É preciso interiorizar que, em muitos casos, a avaliação pura e simples das competências académicas e/ou profissionais não é a garantia de sucesso e/ou de bem-fazer ou desempenhar uma função pública ou privada, antes pelo contrário! Às vezes podem ser sinónimo de mau ambiente de trabalho e de uma desenfreada corrida ao ter a qualquer custo e sem olhar a meios. Outras vezes, estas competências e o mérito são meras retóricas, pois na prática são incapazes de ser demonstradas e estas pessoas escudam-se na arrogância para ocultarem as debilidades e/ou as suas insuficiências.
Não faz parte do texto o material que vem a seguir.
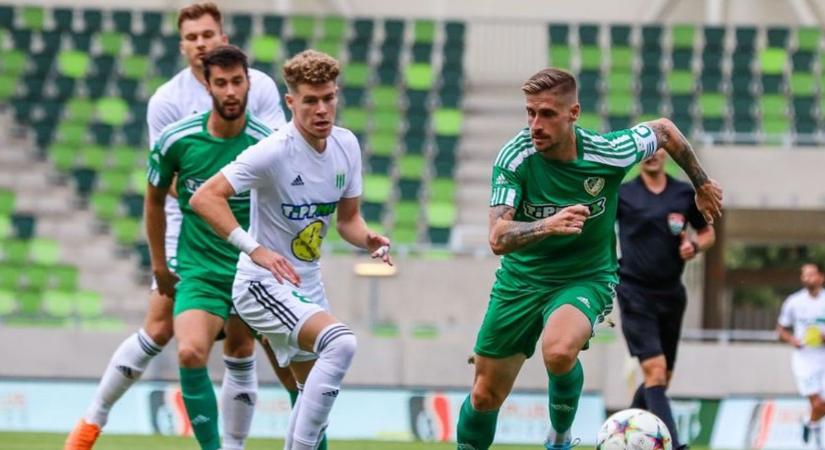 Nyugati rangadó: ETO FC Győr–Haladás online közvetítés vasárnap 14 óra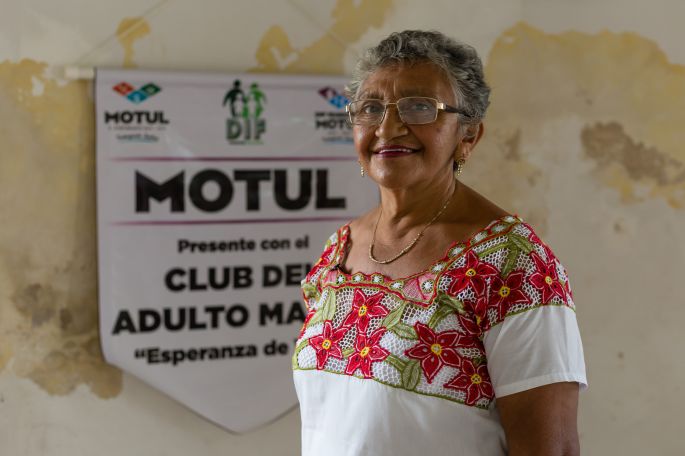 Fortaleza y alegría por la vida, en el Club del DIF Yucatán.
Por isso, é fundamental que como ponto de partida estejam definidos todos os parâmetros que serão usados como recheio do Mérito e da competência. É mais fácil transformar em competente um cidadão vertical, leal, destemido, comprometido, humilde e honesto do que o contrário. Por isso é preciso ter-se cuidado quando se assume que a meritocracia deve ser o critério quando o conteúdo lá não estiver claramente identificado. De igual modo, é quase impossível transformar em honesto, vertical e probo um cidadão cuja qualidade isolada é a “competência”, quando toda a vida viveu com feitos e ideias alheias e tratou com arrogância os seus pares e colaboradores. Diz-se que «quando se está diante de uma grande personalidade, descobrimos o que queremos ser», porém, cada individuo tem dentro de si um conceito diferente de “grande personalidade” por isso, se diz também: “diz-me quem são os teus ídolos e dir-te-ei o que de ti se espera”…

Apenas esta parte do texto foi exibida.